Leibowitz in Utah who are trying to restore science and knowledge to a world
annihilated by nuclear war. It opens with the accidental excavation of a holy
artifact: a creased, brittle memo scrawled by the hand of the blessed Saint
Leibowitz himself, that reads: "Pound pastrami, can kraut, six
bagels--bring home for Emma."
American
Gods (2001) / Stardust (1998)
Neil Gaimin
I couldn’t decide which Neil Gaimin book to include, so I am
essentially including all of them. I have a deep and abiding love for mythology
and fairy tales. These books speak to the need to understand how we came to be
who we are.
Small Gods (1992)
/ Going Postal (2004) / the Tiffany Aching series
Terry Pratchett
Definitely my favorite author of all time. The Discworld
series of novels numbers about 50, including related books like Where’s My Cow, which is the bedtime book Sam Vimes reads to his son (I have a copy downstairs).
They all are comic gems and cultural masterpieces. I laugh and see the world a
little differently each time I read a new one. It makes it even sadder to know
that Pratchett has been hit by early stage Alzheimer's in the last few years.

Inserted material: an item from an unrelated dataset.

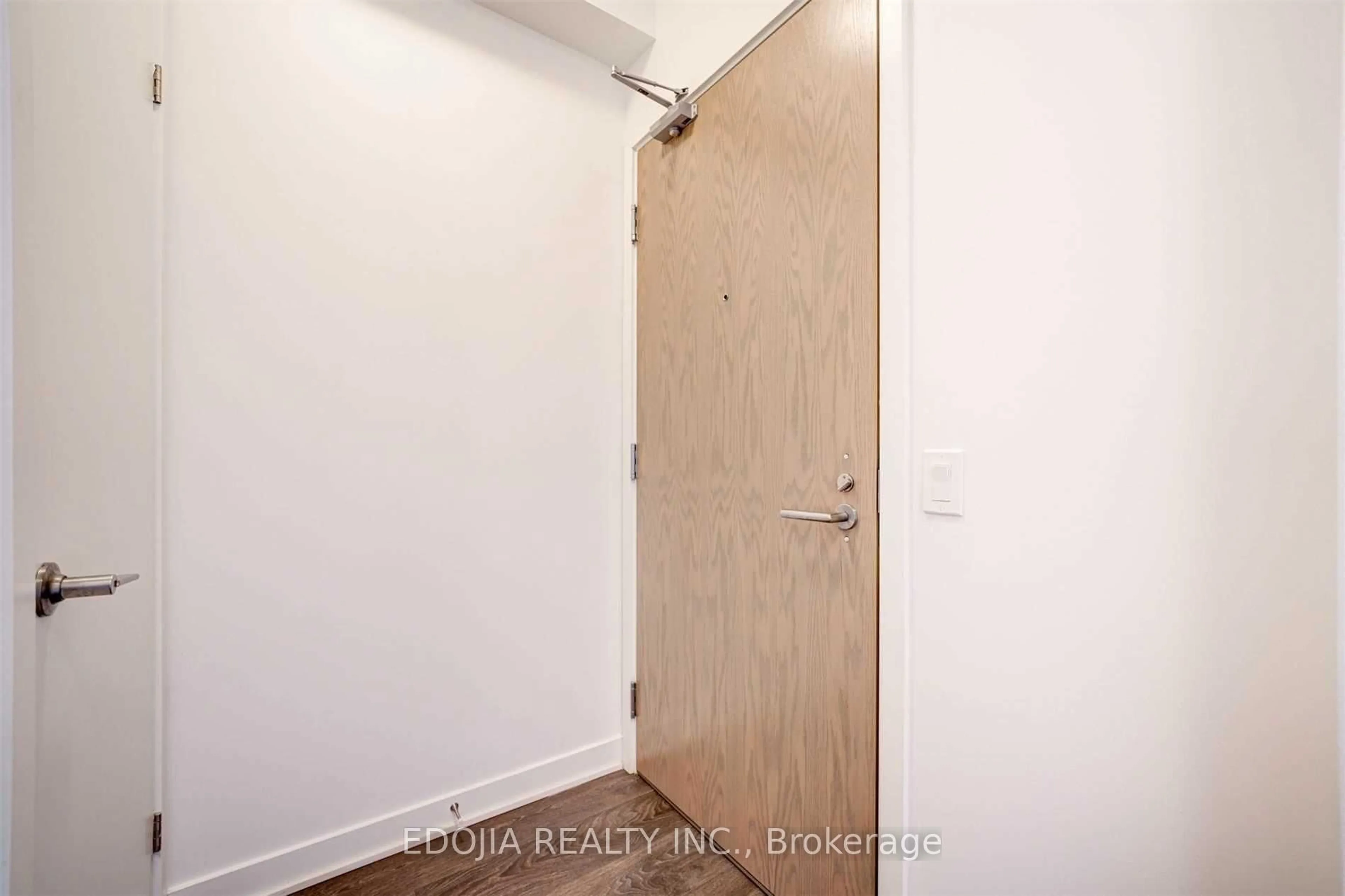 A pic of a room for 125 Blue Jays Way #3508, Toronto Ontario M5V 0N5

The Master and Margarita (1940?)
Mikhail Bulgakov
Except when I first read it in college, it was titled Ма́стер и Маргари́та and was extremely slow reading. The
first novel I read in Russian (well, some of it anyway). At the end
of those two years of college Russian classes, I bought the book to read the whole thing in English. Made
much more sense this time around and I have read it twice since, though not for
several years now. It is a darkly comic novel about the pain and anguish of
being a writer in Russia.
A Short History of Nearly Everything (2003)
Bill Bryson
If you have wondered how we know the things we know about
science, this is the book for you. Bryson starts with the primordial soup and
works his way through every discipline of science, telling the stories of how
our knowledge came to be. He gives the official story, but also tells about the
less well-known people who discovered it earlier and were ignored until someone
later came along and took the credit. A large book, but a quick read.
The Dresden Files (2000 – present)
Jim Butcher
A series of books about Chicago’s first and only wizard
private investigator, Harry Dresden. When the Chicago police department has a
case that looks a little on the weird side, they hire Harry as a consultant to unravel
the mystery. It even became a TV mini-series on SciFi channel for a short while
in 2007. Both the books and the TV show are a lot of fun. Especially fun to see
my adopted hometown of Chicago featured in a novel.
On a different day, these might have made the top ten:
The Redwall series by Brian Jacques (maybe they make Mike's list)
Hitchhikers Guide to the Galaxy Douglas Adams (hope it makes Nate's list)
Watership Down Richard Adams (everybody loves bunnies)
Ender’s Game Scott Card (the start of the whole Ender series)
Chaos James Gleick (a book about a new mathematical field)
The Belgariad David Eddings (reread this series this winter)
Mistborn Trilogy Brandon Sanderson (excellent fantasy series)
Leibowitz has aged really well. I read it for the first time a couple years ago and it is pretty great. David and the Phoenix is also fantastic. Great list all the way through
ReplyDeleteI'm glad The Master and Margarita made a list, because I don't think it's going to make mine. Great book though, and I don't know any russian at all! I've never read Leibowitz, but I might now that you and Mike are talking it up. Nice work, padre.